Agarwal Ranjana* and Sebastian V. J.

The economic role of FDI is increasingly becoming significant in the Indian economy with the transition of FDI policy from a restrictive phase of seventies and early eighties to a relatively liberal phase of nineties. FDI is an important indicator of economic growth and also stimulator of competitiveness. Foreign direct investment has been seen as a dominant determinant to achieve high rate of economic growth because it brings in scarce capital resource, raise technological capability and increase efficiency through enhancing domestic competition.
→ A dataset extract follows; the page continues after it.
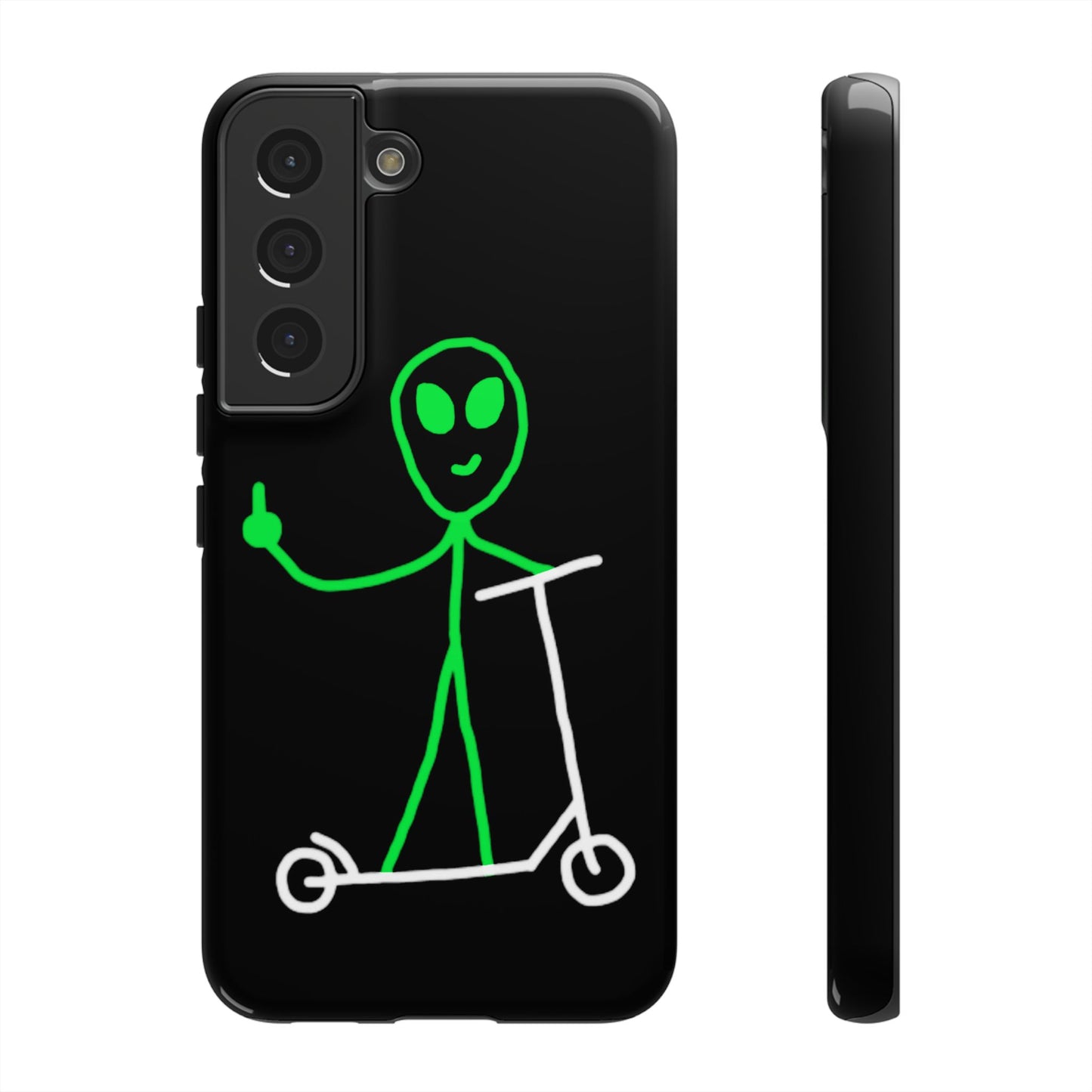 Alien on a Scooter Phone Case (Black)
The share of services sector is large in terms of GDP. In developed countries, majority of GDP is contributed by services sector. In developing countries like India, share of services has been increasing in terms of GDP. The contribution of services sector in Indian economy is now almost half of GDP. It is expected to increase further with very high growth rates. After liberalization, FDI inwards flows have increased tremendously. A look at FDI statistics shows that distribution of FDI is uneven across sectors. What is the role of FDI in services sector? Which countries are contributing to service sector FDI. What are the main sectors in services where FDI is flowing? What is the pattern of investment in each sub sector? Which firms are receiving more investment? This paper looks into these issues by examining primary data. A microanalysis of firm investment pattern has been done for Delhi region. Using primary data, this examines investment patterns of firms in 3 major sectors from 2004 to 2006. Data used is for Delhi region taken from Department of Industrial Policy and Promotion It is seen that FDI flow is skewed across different sub sectors. The financial services sector is receiving much more FDI as compared to other sectors. Few firms have much more FDI flowing in as compared to others. Three firms namely, Citi Financial, Kappa Industries and India Bulls are receiving maximum FDI. Policymakers liberalized FDI norms for overall development of the economy. Policy should be made so that all firms, small, medium and large benefit from investment process.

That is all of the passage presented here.